For $K$ features $Z$ represents the $N\times K$ binary matrix where each row corresponds to an entity and each column to a feature, such that $Z(i,k)=1$ if entity $i$ possesses feature $k$. The $K\times K$-matrix $W$ contains weights that affect the probability of a link between entities $i,j$. This matrix is independent of the entities, i.e., it does not naturally account for different types of entities (e.g., celebrities, brands, “normal” people). With the assumption that links $y_{ij}$ between entities are independent given $Z,W$, we arrive at the  likelihood model

$p(Y|Z,W) = \prod_{i,j} p(y_{ij}|Z_i, Z_j, W),$
$p(y_{ij}|Z_i, Z_j, W) = \sigma(Z_iWZ_j^T),$

where the product runs over all $n^2$ pairs of entities and $\sigma$ is a sigmoidal function. Note that all-zero columns of $Z$ do not affect the likelihood.

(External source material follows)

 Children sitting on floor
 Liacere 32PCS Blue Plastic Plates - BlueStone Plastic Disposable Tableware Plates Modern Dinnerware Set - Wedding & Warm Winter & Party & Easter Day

The objective is to infer the posterior $p(Z,W|Y)$ of the feature matrix $Z$ and the weights $W$. Miller et al. use a Gaussian prior $p(W)$ and an Indian Buffet Process (IPB) prior $p(Z)$ for the binary feature matrices $Z$. Due to exchangeability, a Gibbs sampler is used for inference. The generative model with the IPB prior for the latent feature relational model is:

$Z\sim IBP(\alpha)\\ W(k, k^\prime)\sim \mathcal{N}(0,\sigma^2_w)\\ y_{ij} \sim \sigma(Z_i WZ_j^T)$

The model allows to incorporate known features $X$ (e.g., locations) by linearly adding them to the likelihood model, such that

$p(y_{ij}|Z_i, Z_j, W) = \sigma(Z_iWZ_j^T + \beta^TX_{ij}).$

(The model in the paper is a bit more expressive and flexible, see Eq. (3) in the paper.)

For sampling the following is considered:

$p(z_{ik}=1|Z_{-ik}, W, Y) \propto m_k p(Y|z_{ik}=1, Z_{-ik}, W)$,

where $m_k$ is the number of non-zero entries in column $k$, excluding row $i$.

To sample each weight of $W$ that corresponds to non-zero features, the auxiliary sampling trick (Albert & Chib, 1993) is used with the Probit sigmoidal function in the likelihood for Gibbs sampling. This doesn’t work with the logistic, but a Metropolis-Hastings-based scheme can be used instead.

The authors  mention that the intialization of the model is crucial. Therefore, it is initialized with the Stochastic Block Model, which is a special case of the method proposed in this paper with a single feature per entity.

Miller et al. also propose an extension to multiple (independent) relations, such that the likelihood factorizes over the relations. Features $Z$ are shared, but all other parameters are set per relation (e.g., $W, X, \beta$).